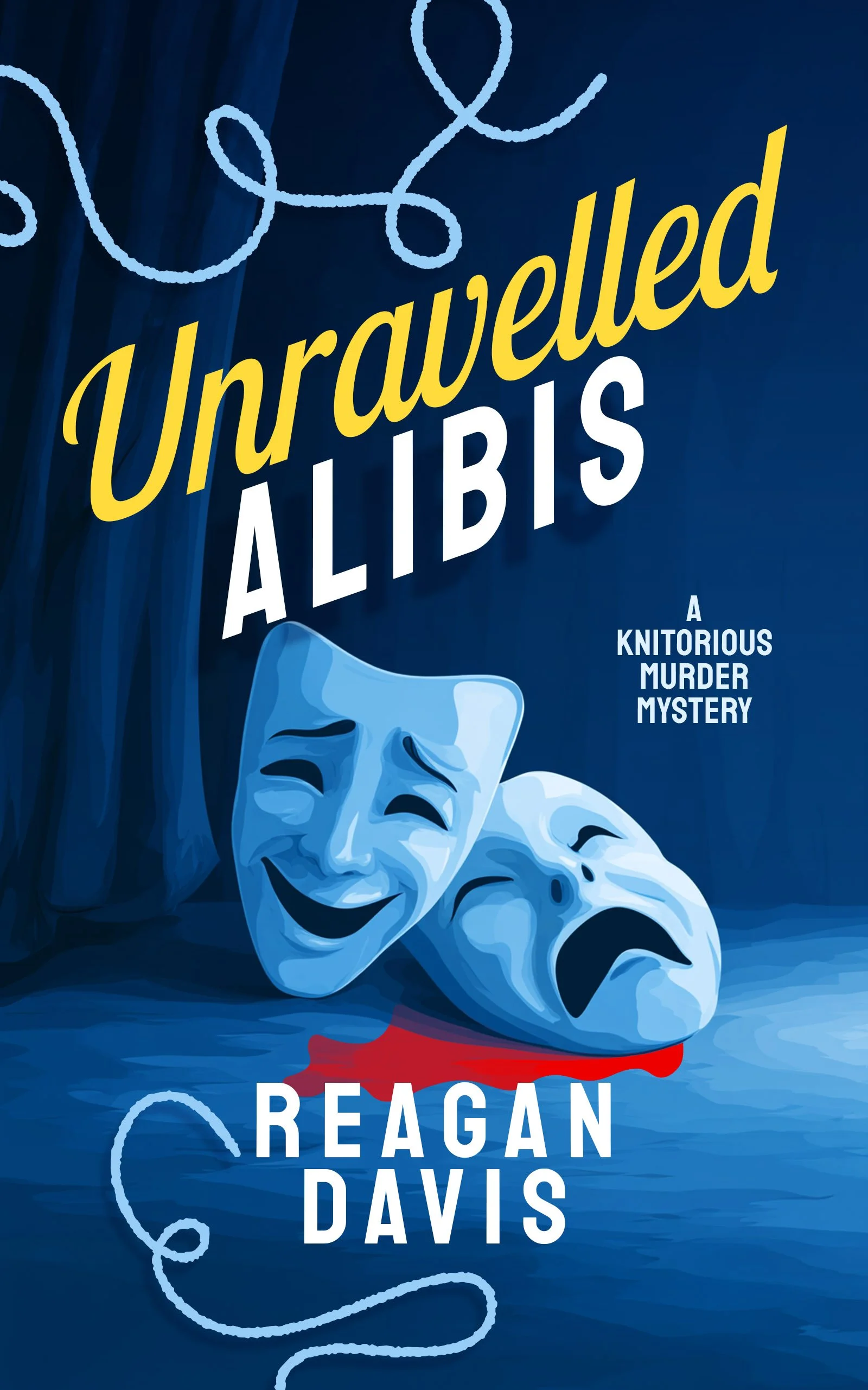 Unravelled Alibis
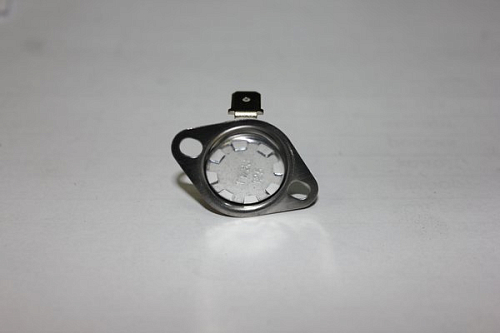 Термостат защитный 125°C 1.1.A.A06.03.12 (#39) для витрины тепловой т.м. EQTA серии HS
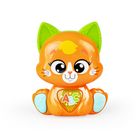 Dumel Discovery, Szalony kociak, zabawka interaktywna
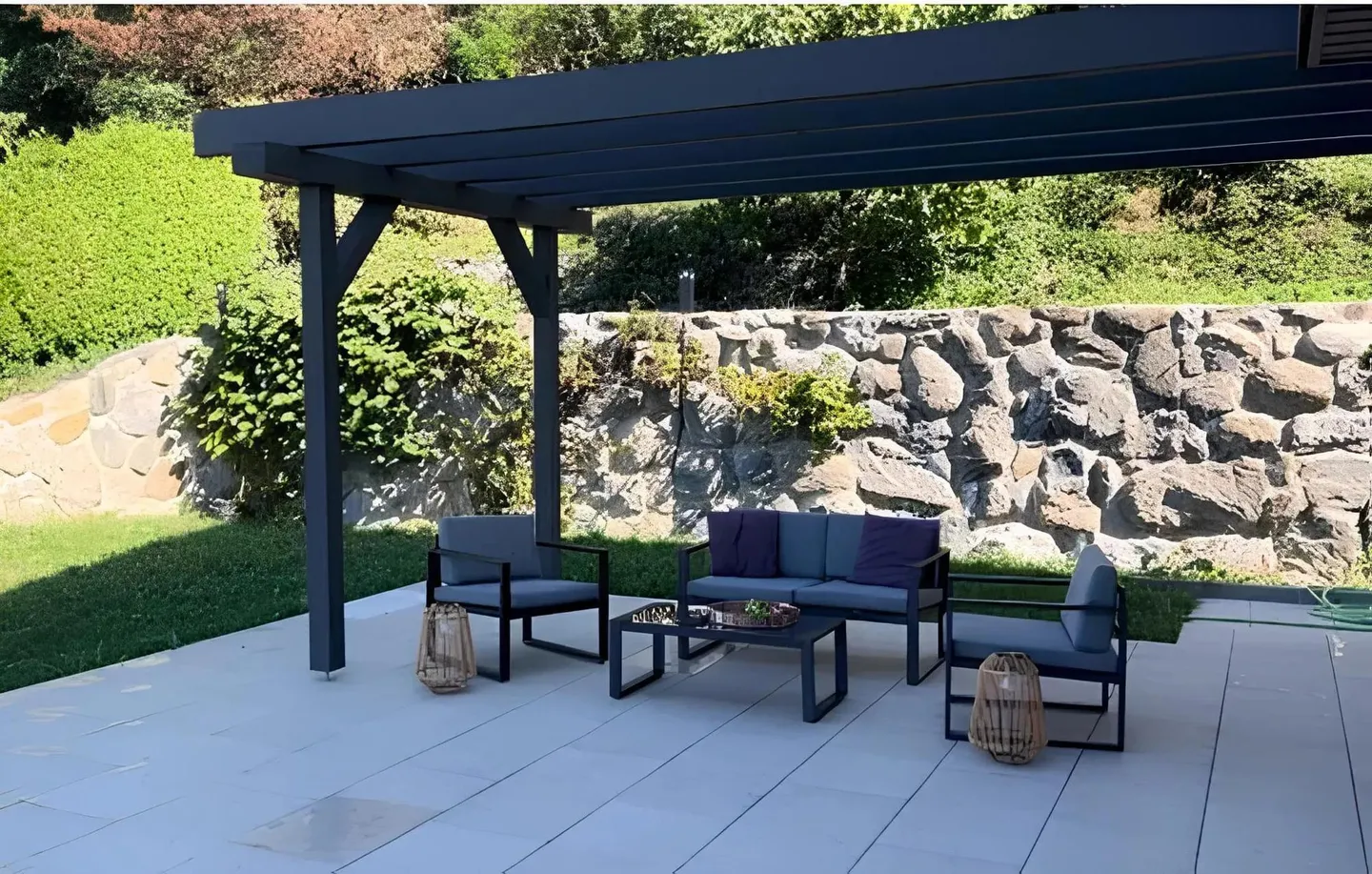 Magnifica villa ristrutturata a Chernex - Foto 11 di 15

▶ **What this task involves**
In full and without error, repeat the listing above, omitting its images.

▶ **Your response**
 Unravelled Alibis
 Термостат защитный 125°C 1.1.A.A06.03.12 (#39) для витрины тепловой т.м. EQTA серии HS
 Dumel Discovery, Szalony kociak, zabawka interaktywna
 Magnifica villa ristrutturata a Chernex - Foto 11 di 15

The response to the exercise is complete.